Demotix/Morgan Ommer. All rights reserved.
“The elections in 2013 will be unpredictable.” This was a response I received from a high standing official when I visited Thimpu last summer. When I asked, “Why?”, I was told that the “Bhutanese voters are unpredictable.” However, other experts in Thimpu gave me the distinct impression that the current incumbent party - Druk Phuensum Tshogpa (DPT), would win the elections, if only because of the lack of viable alternatives - and not due to their popularity. The decisions undertaken by the incumbent government have not gone down so well with the public.
It is official now that five political parties will contest the 2013 elections at the end of May. While the DPT, still holds sway, given that it is the only political party with 47 candidates in place to fight the elections (with eleven more to be fielded in the coming month), the other four, are yet to declare some of their candidates. Most of the DPT candidates are well known and have been holding power for years now. They are experienced, popular faces and names in Bhutan’s political landscape. But it will be interesting to see which of the other four political parties rubs shoulders with the DPT thanks to the First Past The Post System (FPTP) adopted by Bhutan.
According to FPTP, two rounds of elections will be held, in May and July. The first round will be the elimination round, where only two parties with maximum votes qualify for the second round. The second winners round is between the two leading parties. Political parties contesting the second round are sure to leave their footprint in Bhutan’s politics and the runner up to the winning party will occupy the place of the opposition party.
While the demographic weight is heavily tilted towards the southern districts as a decisive factor for the 2013 National Assembly elections, the voting pattern of the National Council elections suggest an alternative scenario. According to a report in Kuensel, “ some dzongkhags (districts), with the smallest voting population had the highest voter turnout, in terms of percentage, while it was just the opposite for dzongkhags (districts) with a high number of voters.” The reason according to the leading news daily is that the community is more politically active in smaller districts than bigger ones. In bigger districts such as Trashigang, which has higher number of voters (41,222), the resultant turnout was only 33.5 percent, in contrast to Gasa, which has a low voting population (1,835), but recorded the highest voter turnout of 63 percent. The low voter participation rate (45.87 percent) in the National Council elections held in the third week of April has been an object of intense media scrutiny but there is a unanimous view that the National Assembly elections will be different in terms of participation.

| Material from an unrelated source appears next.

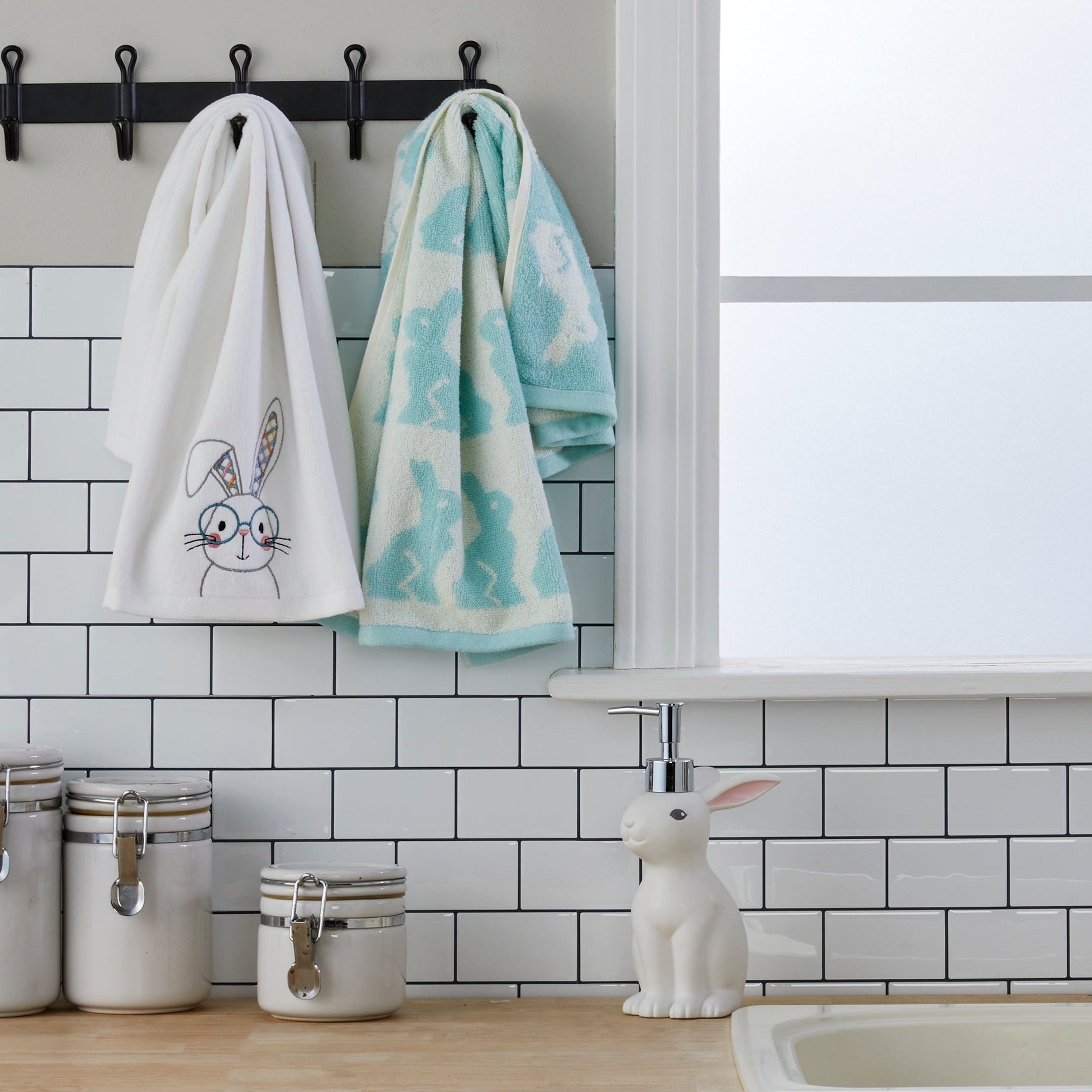 Easter Bunny Lotion/Soap Dispenser, White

National Council and the April 2013 elections
The National Council (NC) is the upper house or the House of Review in Bhutan. It has a total of twenty-five seats. While twenty candidates are elected directly, five are nominated by the King. Given that the turnout for 2013 National Council elections has not been very encouraging, there have however been some surprises. First, the results suggest that an anti-incumbency sentiment has prevailed amongst the voters. Of all the candidates, only five have been re-elected.
Some issues flagged up in the candidates’ manifestos are revealing. These are protecting the rule of law, youth employment, balanced economic development, pro-poor laws and strong institutions—these issues are also indicative of the challenges facing Bhutanese society. The low turnout for the NC elections, as suggested by a few media analysts, was also due to the general perception that the NC was irrelevant. The House of Review, which should be staging debates on important matters of national concern is not implementing this task. The resounding victory of Sangay Khandu, M.P from Gasa district, is a pointer to the fact that bold initiatives are received well by the public. Khandu was in the news last year for initiating a draft of the Right to Information Bill. Clearly transparency and accountability from the government has also been one of the rallying points in Bhutan.
National Assembly Elections: what’s ahead?
Demotix/Morgan Ommer. All rights reserved.
If this reading is correct, the National Assembly elections could be structured around issues of good governance, balanced economic growth and inclusive development policies. Southern Bhutan, which hosts the maximum number of eligible voters could be a decisive player, also because it has been the hub for economic development. Druk Phuensum Tshogpa, for its part has had its difficult moments in the past two years. One of the major irritants has been the rupee crises, the blame for which has been solely attributed to DPT’s flawed economic policies.
However, the litmus test for the elections, must be a ‘viable alternative’. While many in Bhutan would refuse to believe that DPT will not be the winner in the forthcoming elections, it would indeed be interesting to see the alternative visions which the other political parties have to offer. Whether the NA elections are ‘predictable’ is therefore a question of debate.
An interesting issue in the years ahead would however be the role of the National Council and how it addresses the issues of governance, development and growth. The young voters in Bhutan and their views on issues of domestic and external policies could also impact on the debates and discussions in the coming years. Domestic spaces in Bhutan are thus indeed opening up. Given the nature of debates in the past years in Bhutan one can say with conviction, that in domestic politics, the King has voluntarily stepped aside and left the playground of politics open to all those who have political aspirations.